Enter now Father Paul, a very odd sort of "man of God". I assume he's a Catholic priest because 1. he calls himself "Father" (although there maybe other cults or denominations who also use the applet, I'm not aware of them), and 2. he, at one point, performs the sign of the cross on himself. He's rather odd as his views on killing seems conflicted. At one point in the story, he says, "The hand of righteousness must sometimes be called to strike down evil. I have no illusions about that." And who could be more "righteous" than a priest? But then, later when things are going quite badly for our group of heroes and he's asked to step up and put actions to his words ("Ever fire a gun, Father?"), the good Father replies, "Christ reminded us to abandon that way of thinking and to love and forgive our enemies. I'm sorry, my friends, but I cannot take another man's life." He has no problem with loading the guns, and no problem with the rest of the men killing, but, somehow, he thinks so long as he does not actually pull the trigger, he's not part of the killing. The author (Bradley) did nothing to clarify, or to solve this conflict. A very odd priest who says you can kill, I can help, but I can't do the shooting. Perhaps, in later books, this conflict is solved.
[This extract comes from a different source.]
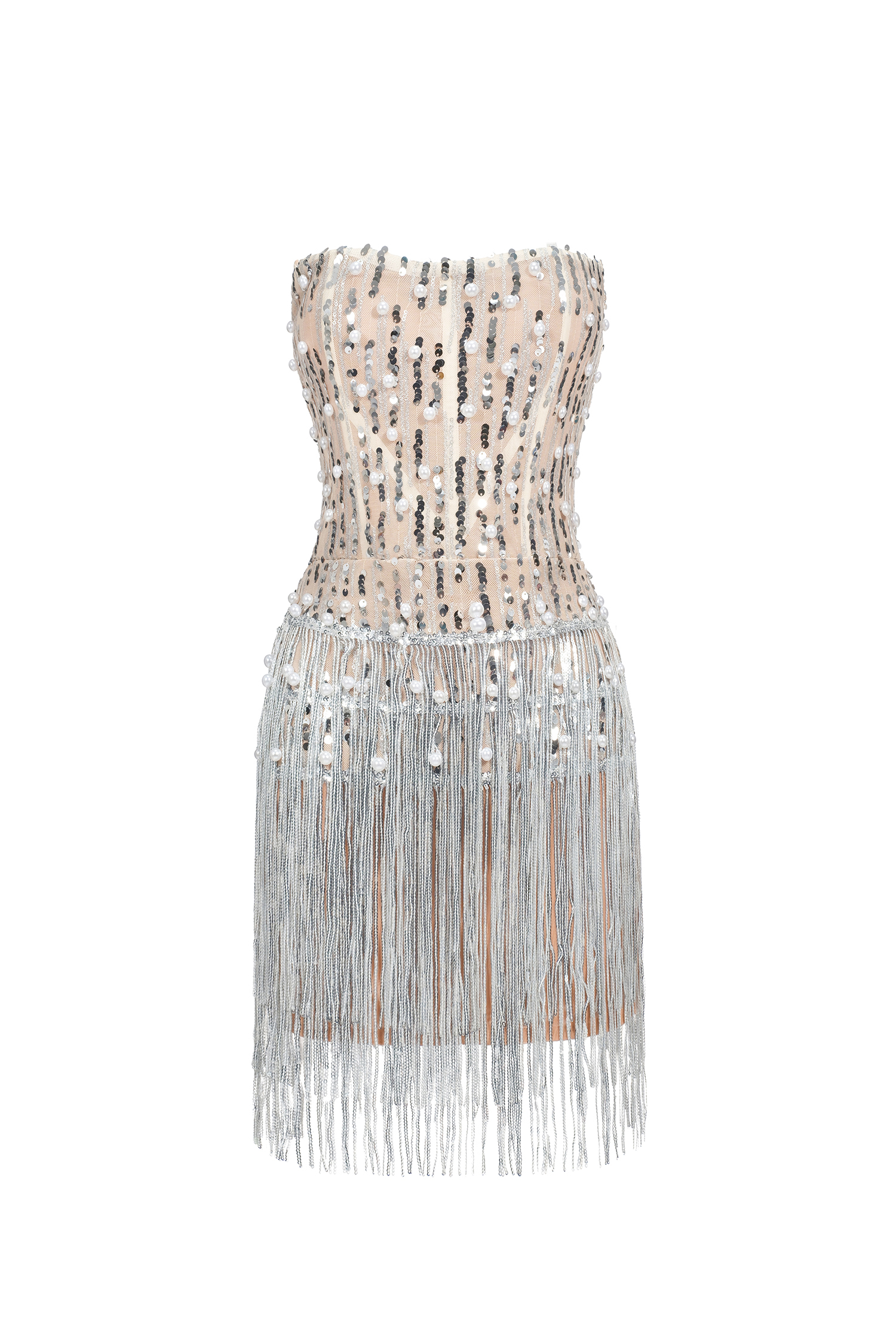 Sorel Pearl Sequin Tassel Mini Dress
And what can we do with "Bowie" the dog; a dog so smart even Lassie can't compete (remember Lassie? Who, when told by little Timmy, "Lassie, go get Gramps and bring the hundred foot climbing rope, and two lanters so we can get these trapped miners out of the hole." And in the next scene, here comes Gramps, with all the equipment...how did Lassie do that? Truly a wonder dog).
But Bowie! Now here's a dog that Mason has never seen before, has no idea what sort of training the dog has (if any), and yet, well, here's an example: ' "Mason leaned over to Bowie and said, "Announce yourself." ' Bowie looked at him, and then back at the large audience. When Mason continued to stare at him, the dog finally let out a loud woof!' " There is no way Mason could have known what the dog would do, and yet, Bowie did exactly the right thing. And he always knows just what to do, even when given long and somewhat complex commands (after all he is a dog). For example: our heroes are bunched up in the church waiting for the bad guys to attack, and Mason is giving everyone an assignment. To Bowie he says, "You're in this too, boy. Your job is to make it unpleasant for anyone trying to breach the windows or doors. Can you do that for me?" Then "Bowie's eyes narrowed and he gave a short bark." A dog that can understand "breach" is even beyond Rin Tin Tin. But he did, and he can through do exactly what he was told. That is ridiculous. But there's more: during the battle, a hole was blown through the back wall and a some baddies tried to crawl through. Bowie jumped the first, pulled him all the way through, and shook him till the bad guy's neck snapped. A moment later, Mason simply nods at Bowie and Bowie released the dead man: just from a nod. And that nod to a dog that Mason knows nothing about. Amazing. Also, totally unbelievable. And, for my last example: the back door gets shot through and Mason tells Bowie, "Wait 'till they come through..." and, apparently, Bowie did just that. There are quite a number of such ridiculous scenes in the book. All of which I found to be insulting to my intelligence.
There are a number of problems with logic in the book. For exampe: when the Father rang the bell at the church to have everyone come to hear with Mason had to say, almost every one showed up. Well, almost. None of the baddies showed up. And yet, they were holed up at the Walmart which was only two miles away. To believe they could not hear the bell (when everyone else did), and not go to investigate, is never explained in the book...but really neede to be.
All in all, this novel fails on too many levels to be worth recommending.
I enjoyed this book, but have two complaints. One, it felt a bit short, and second the (woman) President of the US is unnecessarily portrayed as a weak gender stereotype.